According to an amended complaint filed on Tuesday by Redbox, Disney has recently retained Anderson Merchandisers, an in-store merchandising company, in its effort to limit Redbox purchases of Disney DVDs. Redbox alleges that a major big-box retailer has been instructed not to allow Redbox employees to buy more than five Disney DVDs. The retailer is not identified in the complaint, but Anderson has a close relationship with Walmart.
Redbox alleges that Anderson employees have followed its own staffers around in stores and taken photographs of them, and in one case threatened a Redbox staffer with prison time.
“On February 27, 2018, a Redbox employee was threatened multiple times with imprisonment in a federal prison for purchasing combo packs of ‘Coco,'” the complaint alleges. “Upon information and belief, the threats were made by a representative of Anderson or Disney.”

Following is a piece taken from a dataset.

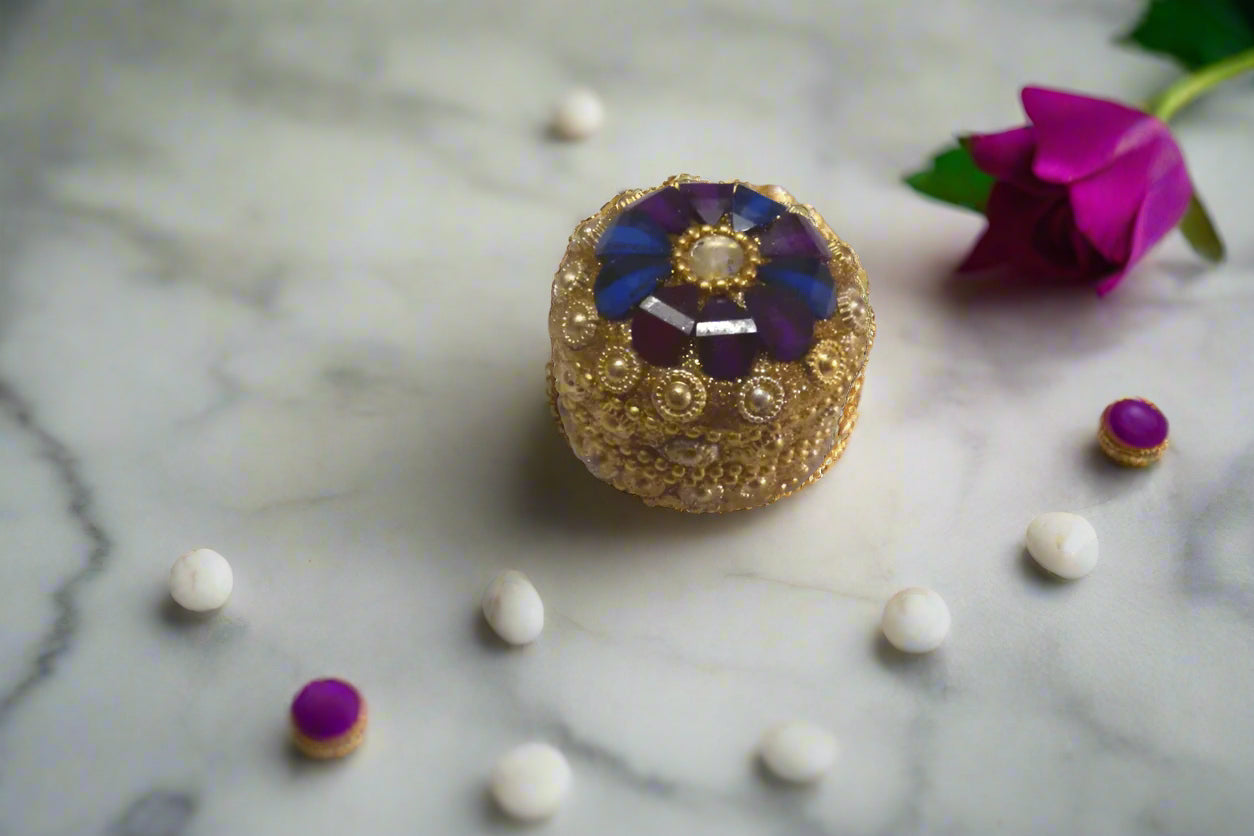 Jigna Beads Kumkum Box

The legal battle arises from Redbox’s practice of buying up DVD combo packs, which include codes for a digital download. Redbox then separates the codes and sells them separately through its kiosks, at a steeply discounted price compared to the cost of a download from iTunes or Amazon. Disney filed suit last fall accusing Redbox of copyright infringement, while Redbox contends that its practice is perfectly legal and that Disney is seeking to starve a low-cost competitor of content.
“Disney is seeking to expand its role in the distribution market itself as a competitor to retailers like Redbox and Netflix, and, on information and belief, to eventually remove third-party retailers from the distribution chain altogether,” Redbox alleges. “Disney wants consumers to be inured to higher prices so that they will not object to them once Disney expands into that market.”
In February, a federal judge denied Disney’s request for an injunction to block Redbox from selling download codes. On Monday, Disney renewed its bid for an injunction, saying it had updated its terms and conditions in response to the judge’s ruling.
Redbox argues that the issue is broader than the digital codes, saying that Disney is seeking to block it from obtaining physical discs, which it unquestionably has the right to re-sell. Redbox’s suit alleges that Disney is abusing its dominant position in the market, and will only have more power over retailers once the Fox merger is completed.
“Disney is unlawfully using its market power to reduce output and prevent Redbox from meeting consumer demand for Disney titles,” Redbox states. “Only a company with substantial market power could dictate terms to major national big-box retailers that ultimately lead those retailers to sell fewer units.”
In response to the updated complaint, a Disney spokesman said, “Redbox continues to infringe our copyrights, and we have filed a renewed motion to stop its sale of our digital codes. While Redbox has filed a counterclaim to distract attention from its infringing conduct, we remain confident in our position and look forward to pursuing our claims in court.”